Sunday, September 07, 2008

2000 Point Club

How difficult is it to score 2,000 career points in collegiate basketball? Statistically speaking, it's very difficult. Of the nearly 700 athletes who have played basketball for the Syracuse Orangemen, only six have accomplished it, or about 0.9%.

Those six are familiar to all Syracuse fans: Lawrence Moten, Derrick Coleman, John Wallace, Gerry McNamara, Hakim Warrick and Sherman Douglas.

There are a combination of factors that are needed to reach 2,000 career points.

First, you have to play enough games. Dave Bing averaged 24.8 points a game for his career, yet he only played in 76 games. Teams only played about 25 games a year in Bing’s era, and more importantly, freshman could not play, so he had only three years of eligibility.

I think there are 5 players at Syracuse who didn’t play four years of varsity basketball, and I think would have scored 2,000 points with the extra season(s). Bing only needed 117 points from a freshman season, and barring injury, he clearly would have scored that many.

Billy Owens skipped his senior season, where he needed only 160 points to scored 2,000. Again, barring injury, Owens would have easily broken that barrier.

Pearl Washington needed 516 more points, when he skipped his senior season. He was the ‘go to’ guy on offense, and scored 554 points his junior season, so its only natural to assume that barring any minor injuries, he would’ve progressed and gotten to 2,000 points.

Carmelo Anthony, if he could have stayed through his junior season, likely would have reached 2,000 points during that season. He scored 778 points his freshman season, and barring injury, seems a lock to have done it. Of course, Melo was never going to stay for three seasons. Two possibly (the championship nixed that), but three was never going to happen.

Donte’ Greene, like Anthony, easily would have scored 2000+ points if he had stayed. In Greene’s case, four years may have been necessary. But with 620 points his freshman year, barring injury, he would have accomplished the feat. Then again, Greene was never staying four seasons, and anything more than two was very unlikely.

The extra season would not have helped all the guys barred from playing their freshman year. Dennis DuVal averaged 18.6 points a game for his career, and needed ‘only’ 496 points in a freshman season to get to 2,000. But considering DuVal only had 442 points his sophomore season, its logical to assume he would not have gotten the necessary points.
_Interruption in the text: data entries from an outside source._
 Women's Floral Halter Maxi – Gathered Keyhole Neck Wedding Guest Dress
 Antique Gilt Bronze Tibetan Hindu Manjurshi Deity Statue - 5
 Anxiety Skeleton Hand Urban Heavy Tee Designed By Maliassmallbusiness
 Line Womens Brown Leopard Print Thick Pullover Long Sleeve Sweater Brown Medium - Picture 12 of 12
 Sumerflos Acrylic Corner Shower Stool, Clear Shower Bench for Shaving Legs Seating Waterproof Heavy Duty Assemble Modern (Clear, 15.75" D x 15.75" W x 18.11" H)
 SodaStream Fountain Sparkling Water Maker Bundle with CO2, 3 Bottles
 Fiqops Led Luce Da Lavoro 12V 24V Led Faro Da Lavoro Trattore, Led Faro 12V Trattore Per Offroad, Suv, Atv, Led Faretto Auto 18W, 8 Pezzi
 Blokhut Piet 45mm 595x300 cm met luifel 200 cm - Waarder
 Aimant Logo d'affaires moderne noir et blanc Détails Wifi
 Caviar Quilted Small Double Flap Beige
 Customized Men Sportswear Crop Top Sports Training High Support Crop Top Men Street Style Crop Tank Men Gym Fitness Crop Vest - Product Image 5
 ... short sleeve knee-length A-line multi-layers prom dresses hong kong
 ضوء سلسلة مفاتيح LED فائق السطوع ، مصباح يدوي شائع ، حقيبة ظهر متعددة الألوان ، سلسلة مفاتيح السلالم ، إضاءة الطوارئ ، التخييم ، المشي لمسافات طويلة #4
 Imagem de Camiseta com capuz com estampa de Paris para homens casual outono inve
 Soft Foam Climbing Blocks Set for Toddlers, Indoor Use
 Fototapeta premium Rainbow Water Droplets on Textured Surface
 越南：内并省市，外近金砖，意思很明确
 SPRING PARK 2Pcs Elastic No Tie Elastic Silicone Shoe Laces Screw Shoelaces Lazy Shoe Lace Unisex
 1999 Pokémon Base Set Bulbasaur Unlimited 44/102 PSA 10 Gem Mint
Vinnie Cohen and Bill Smith, also big time scorers, also would never have scored enough points as a freshman to reach that level.

The second factor important to reaching 2,000 points is to be a prominent scorer early in your career. The number of games alone won’t get you there. Ask Craig Forth, who started all of the 136 games of his career, and did not even break 1,000 points (643 total to be exact). Even dominant scorers like Stephen Thompson, Rony Seikaly, and Erich Santifer played in several games, but they did not put up big enough numbers early in their career to catch up to the level at the end.

Now here’s the thing I find most interesting about the six players who did all score 2,000 points. They are grouped into pairs of three, where each pair spent the majority of their careers together (three seasons overlapping in each case): Douglas and Coleman, Moten and Wallace, and Warrick and McNamara.

Douglas and Coleman took Jim Boeheim to his first national championship game, and gave Syracuse three exciting years as one of the top teams in the country. They came within a basket of winning the national championship in 1987, and would go 87-24 during their three seasons together. Their Big East action would see them go 33-15, with the Big East regular season title in 1987, and the Big East Tournament title in 1988. Considering that Stephen Thompson, Rony Seikaly, and Billy Owens all came close to 2,000 points, and this era clearly had the best collection of Syracuse players ever.

Moten and Wallace played together from 1993-1995. This era started with Syracuse being banned from post season play for recruiting violations, and this duo helped keep the Syracuse program from dying, and actually resurrected it back to prominence (Wallace would lead the Orange to the championship game the year after Moten left). The Orangemen went 63-26 during their time together, 35-19 in Big East play.

The final duo was McNamara and Warrick. Of course, this duo was highly recognizable for their significant contributions in the 2003 National Championship game. GMac had his 6 three point shots in the first half to give Syracuse a big first half lead, and Hak sealed the deal with the block that will remain in Orange Fans memories forever. The duo would go 80-20 in their career, 45-11 in Big East action, including a Big East Championship in 2005. Of course, they had Melo in 2003, and he was the key player on the championship team. However, as I have always contended, Melo alone did not win that team. Having a couple of players talented enough to score 2,000 career points on that same roster was another key component.

Of the current team, there are three players on track for 2,000 career points. Eric Devendorf is over half way there with two more years to go. Jonny Flynn only needs to duplicate his freshman effort each season for four years to get to the mark. Paul Harris would need to step up his pace, but with 808 points after two years, he would have to average 596 points for two seasons… not unreasonable. Of course, getting all these seasons from these players may be unlikely. But you never know. And it does seem that the members of the 2000 club come in pairs.